Yesterday Tom Wark raised a few relevancy questions about wine blog advertising and audience sizes when he published Pajamas and the Status of Wine Bloggers at his own, very fine, Fermentation blog. He floated issues from three specific points of view; advertisers’, publicists’, and wine bloggers’ themselves. Because the conversations about non traditional media formats and communities (bloggers, social media platform jockeys, and web searching consumers), are bumping up against traditional media formats and communities (magazines, publicists, advertising executives, subscribers, and newsstand browsers), the issues Tom raises really requires a combination of traditional and new media analysis.
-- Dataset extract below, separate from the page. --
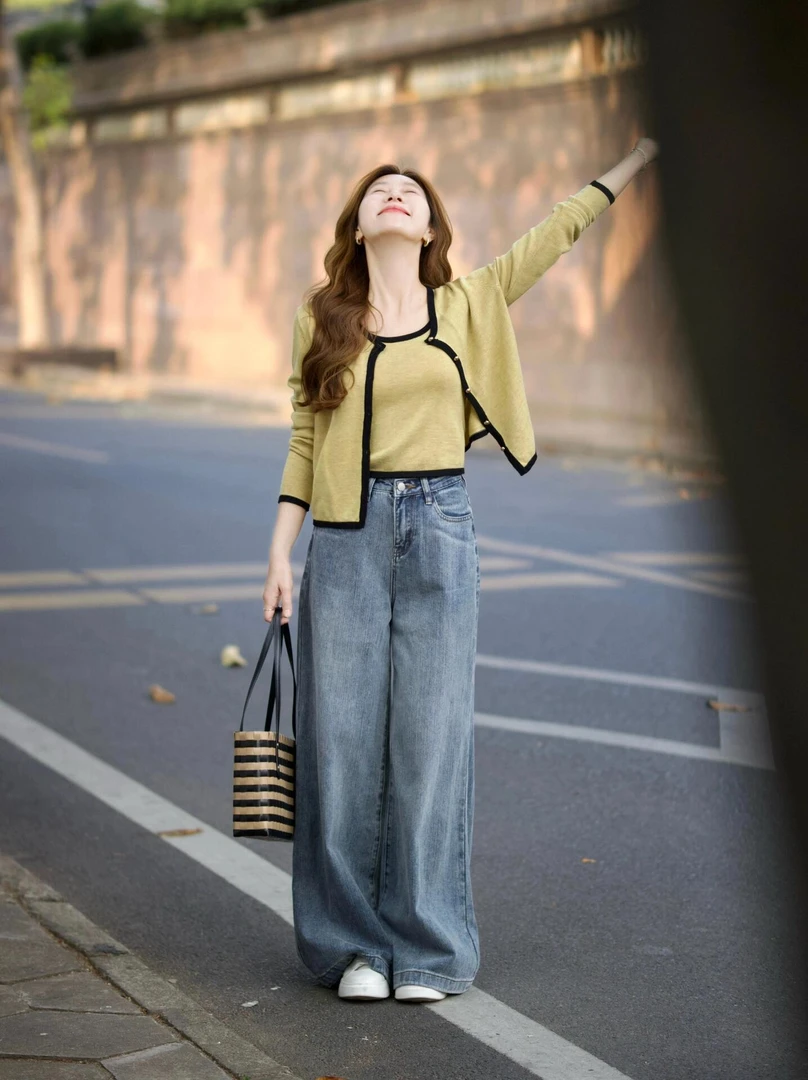 2025秋季新款韩系温柔穿搭百搭针织吊带开衫上衣搭配牛仔裤三件套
Tom’s Pajama argument is constructed around a few inarguable facts:
- Only a couple of wine blogs have substantial audience size and bloggers do not give attention to audience development
- The community of wine blogs does not employ comparable or audited audience and demographic measurement services
- Placing ads on a series of wine blogs is so much more trouble than buying an ad in the Wine Spectator or other traditional wine media
- There is not an easy reference tool for PR and Advertising professionals to reference and contact Wine Bloggers
Every one of these points is anchored in a traditional media mindset. I don’t mean to condemn this style of inspection since there’s still a lot of money moving through the hands of mainstream advertisers and publicists with deeply baked industry authority from long successful careers in traditional Public Relations and Advertising. But, the right answers require thinking that connects the colliding worlds of traditional and new media users and content creators.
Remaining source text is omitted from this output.